> **Information supplied**
---*---

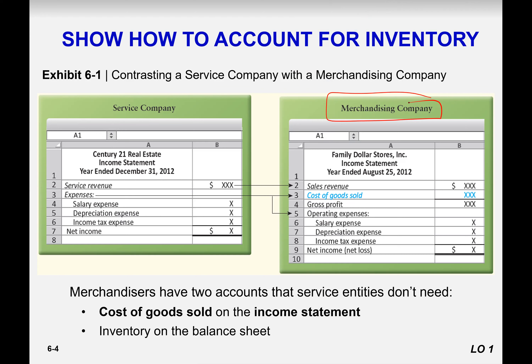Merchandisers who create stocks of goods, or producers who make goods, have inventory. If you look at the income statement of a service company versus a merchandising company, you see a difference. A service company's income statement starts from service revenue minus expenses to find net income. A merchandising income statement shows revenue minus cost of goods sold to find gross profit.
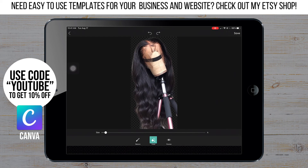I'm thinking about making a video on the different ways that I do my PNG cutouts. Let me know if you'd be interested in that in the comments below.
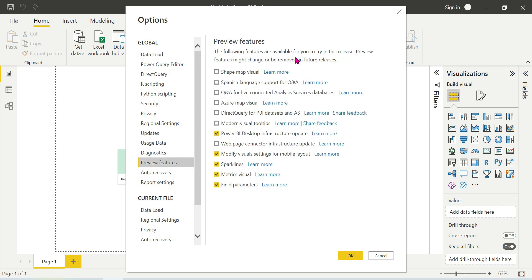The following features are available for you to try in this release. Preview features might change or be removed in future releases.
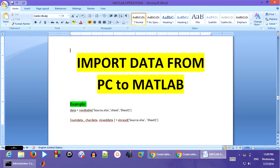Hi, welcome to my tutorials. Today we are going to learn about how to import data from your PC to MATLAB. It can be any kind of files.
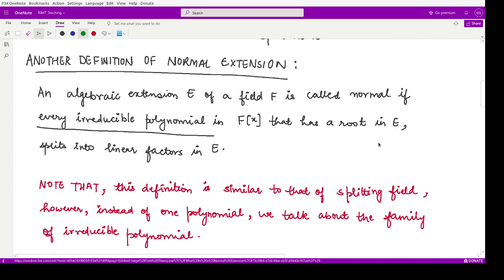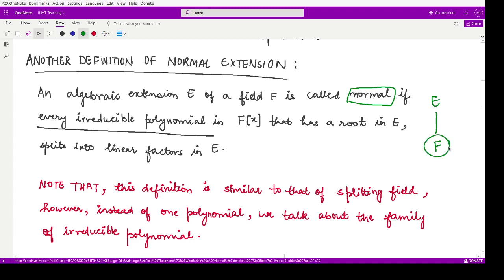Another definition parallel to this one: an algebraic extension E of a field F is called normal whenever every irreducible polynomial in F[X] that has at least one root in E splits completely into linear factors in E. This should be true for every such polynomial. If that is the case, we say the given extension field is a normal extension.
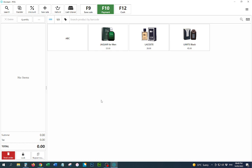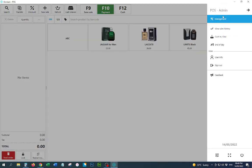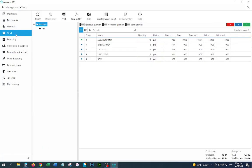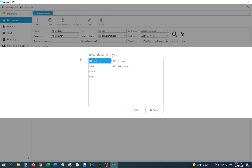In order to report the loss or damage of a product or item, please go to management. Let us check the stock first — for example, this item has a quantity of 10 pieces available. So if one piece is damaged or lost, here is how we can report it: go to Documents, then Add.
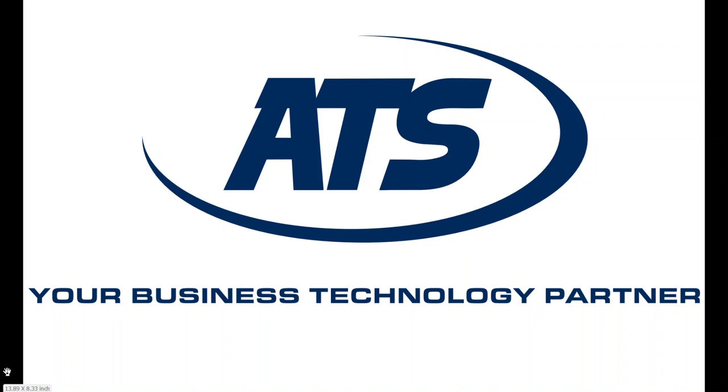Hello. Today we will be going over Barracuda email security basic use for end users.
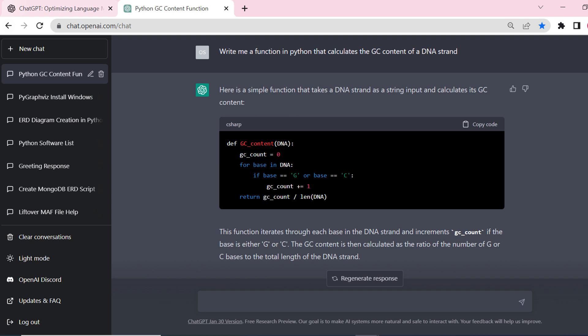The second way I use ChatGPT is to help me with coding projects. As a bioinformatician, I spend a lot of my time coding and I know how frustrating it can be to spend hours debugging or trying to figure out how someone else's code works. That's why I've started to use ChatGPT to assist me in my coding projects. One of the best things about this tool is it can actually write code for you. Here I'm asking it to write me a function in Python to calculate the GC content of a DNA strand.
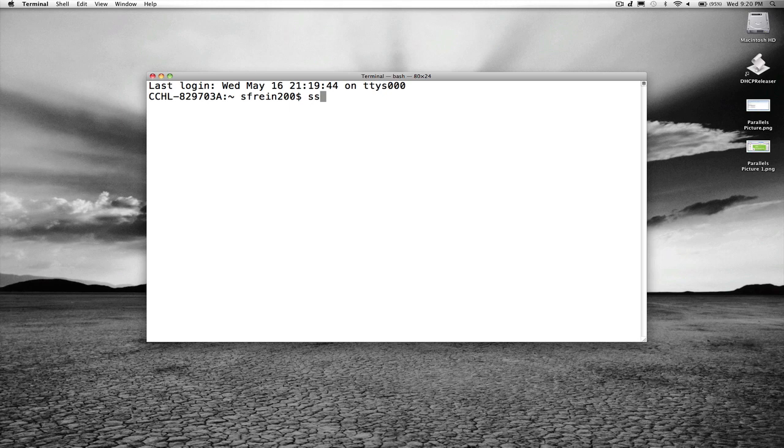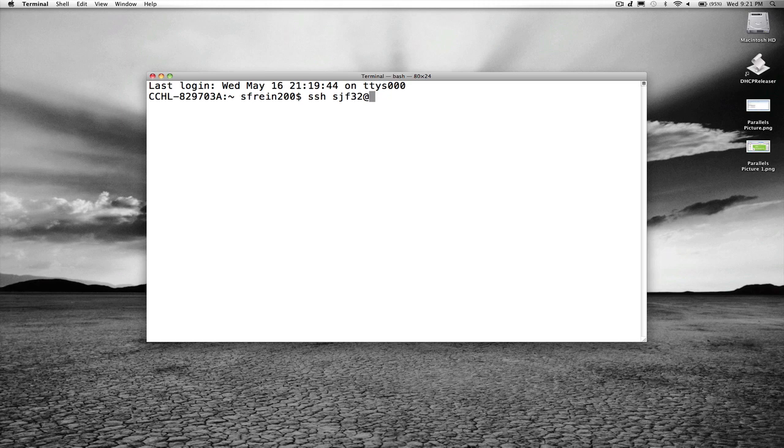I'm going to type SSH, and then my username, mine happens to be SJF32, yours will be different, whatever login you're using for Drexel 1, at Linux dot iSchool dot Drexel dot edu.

---*---

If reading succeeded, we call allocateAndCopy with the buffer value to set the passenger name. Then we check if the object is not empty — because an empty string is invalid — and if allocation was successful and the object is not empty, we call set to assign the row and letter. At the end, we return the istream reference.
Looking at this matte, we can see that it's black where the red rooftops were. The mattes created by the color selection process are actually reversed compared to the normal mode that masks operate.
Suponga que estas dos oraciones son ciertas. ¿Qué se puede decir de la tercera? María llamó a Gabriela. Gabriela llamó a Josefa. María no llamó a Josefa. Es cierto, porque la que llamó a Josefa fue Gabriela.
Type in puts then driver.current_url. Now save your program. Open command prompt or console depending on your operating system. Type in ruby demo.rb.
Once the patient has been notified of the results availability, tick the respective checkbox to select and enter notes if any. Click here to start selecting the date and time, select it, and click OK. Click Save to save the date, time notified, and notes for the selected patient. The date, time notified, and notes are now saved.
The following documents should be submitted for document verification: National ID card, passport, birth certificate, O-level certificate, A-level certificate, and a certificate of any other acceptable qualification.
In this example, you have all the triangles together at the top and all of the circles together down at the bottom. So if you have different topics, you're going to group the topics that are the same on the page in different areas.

---*---

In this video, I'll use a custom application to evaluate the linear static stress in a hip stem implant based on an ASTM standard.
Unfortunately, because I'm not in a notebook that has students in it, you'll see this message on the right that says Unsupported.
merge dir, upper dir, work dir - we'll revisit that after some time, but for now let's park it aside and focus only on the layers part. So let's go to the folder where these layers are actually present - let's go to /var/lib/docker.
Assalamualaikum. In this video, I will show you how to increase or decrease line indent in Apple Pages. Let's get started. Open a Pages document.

---*---

> **Aim of the task**
Reproduce the lines above starting at the one with "Merchandisers who create" and ending at the one with "Hello. Today we", both included, exactly and with no pictures.

> **Result for this exercise**
Merchandisers who create stocks of goods, or producers who make goods, have inventory. If you look at the income statement of a service company versus a merchandising company, you see a difference. A service company's income statement starts from service revenue minus expenses to find net income. A merchandising income statement shows revenue minus cost of goods sold to find gross profit.
I'm thinking about making a video on the different ways that I do my PNG cutouts. Let me know if you'd be interested in that in the comments below.
The following features are available for you to try in this release. Preview features might change or be removed in future releases.
Hi, welcome to my tutorials. Today we are going to learn about how to import data from your PC to MATLAB. It can be any kind of files.
Another definition parallel to this one: an algebraic extension E of a field F is called normal whenever every irreducible polynomial in F[X] that has at least one root in E splits completely into linear factors in E. This should be true for every such polynomial. If that is the case, we say the given extension field is a normal extension.
In order to report the loss or damage of a product or item, please go to management. Let us check the stock first — for example, this item has a quantity of 10 pieces available. So if one piece is damaged or lost, here is how we can report it: go to Documents, then Add.
Hello. Today we will be going over Barracuda email security basic use for end users.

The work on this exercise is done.